● Exercise prompt: Your response should consist of every record, exactly as given.

(Entries taken from a collection)
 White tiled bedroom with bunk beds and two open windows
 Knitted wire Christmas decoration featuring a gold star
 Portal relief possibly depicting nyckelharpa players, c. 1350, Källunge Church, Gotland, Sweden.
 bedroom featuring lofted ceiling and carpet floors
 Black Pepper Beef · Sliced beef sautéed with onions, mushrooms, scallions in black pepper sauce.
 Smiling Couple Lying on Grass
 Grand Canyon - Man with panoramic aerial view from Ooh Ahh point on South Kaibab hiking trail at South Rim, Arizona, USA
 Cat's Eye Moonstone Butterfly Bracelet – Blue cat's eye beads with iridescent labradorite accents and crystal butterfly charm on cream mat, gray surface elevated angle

● Exercise response:
 White tiled bedroom with bunk beds and two open windows
 Knitted wire Christmas decoration featuring a gold star
 Portal relief possibly depicting nyckelharpa players, c. 1350, Källunge Church, Gotland, Sweden.
 bedroom featuring lofted ceiling and carpet floors
 Black Pepper Beef · Sliced beef sautéed with onions, mushrooms, scallions in black pepper sauce.
 Smiling Couple Lying on Grass
 Grand Canyon - Man with panoramic aerial view from Ooh Ahh point on South Kaibab hiking trail at South Rim, Arizona, USA
 Cat's Eye Moonstone Butterfly Bracelet – Blue cat's eye beads with iridescent labradorite accents and crystal butterfly charm on cream mat, gray surface elevated angle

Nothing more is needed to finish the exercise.